How do you feel about the government using drones for military purposes? Is there a drone war coming up? What do you think about drones in general?

There are already drone wars.  Drones are technically cute, but militarily drones suck as instruments of state power.  There are killer drones all over the place now, but nobody under a drone does what the drone owners want them to do.  Drones don’t create any effective world order, because spy gizmos in the sky don’t enforce military domination and a monopoly of armed force.  Drones are basically land mines with wings.

Is there a certain way that define politically? Do you think that the censorship of free speech and political correctness has gone too far on the Left?

There’s always somebody in any political movement who goes too far.  The Left and the Right will never enforce their idea of propriety on their  opponents.  They can troll and embarrass each other by highlighting each other’s lunatics, but that nitpicking doesn’t win public policy debates.

With that said, I’ve lived in former Comintern countries, so I know what militant leftist political correctness actually does in reality.  It’s got nothing to do with SJW’s sobbing over transgender rights and everything to do with having your door kicked in with KGB jackboots at four in the morning.

The American Left is way into “de-platforming” now, but the real deal is when the Leninist Red Terror shows up in White Czarville and drops eighty guys at once off some big wooden platform with hemp nooses around their necks.  So all the keyboard-tapping, penny-ante troll stuff — I’ve been to Srebrenica, okay?  Eight thousand men and boys liquidated by machine guns by a militia in a derelict chemical plant.  They’re in graves.

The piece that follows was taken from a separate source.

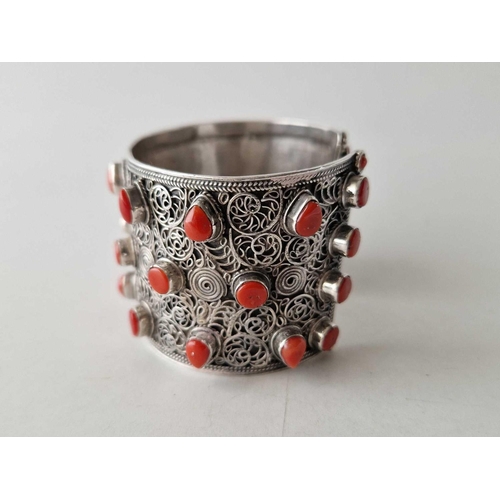 431 - A tribal silver wide cuff bangle set with coral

Not because they were Communists — because they’d all BEEN Communists. They’d been really correct and multiethnic and meek for forty years, and then Mr Correctness, Marshal Tito, dropped dead. So Mr Personality Cult didn’t correct them anymore, and they were so used to toeing the boss’s ideological line that they didn’t know how to live together.

The Left is always gonna be “correct,” it’s who they are, were, and will be, but when the Right starts getting into the very same pitch: “I’m Conservative, You’re a RINO,” and “Gasp: you used that fatal a-word ‘Amnesty,'” it shows that the vice is contagious.

I’m a ’70s punk. I’m into samizdat, free information, and knowing things you’re not supposed to know.  I loathe censorship.  I like the lunatics right out in the open where I can keep an eye on ’em.

Is there anything else that you would like to say to the readers of Trigger Warning?

Well, Trigger Warning, I pay attention to you, but I’m not your pal. I do know where you’re coming from. I know plenty about the pals in other countries that you don’t yet know you have.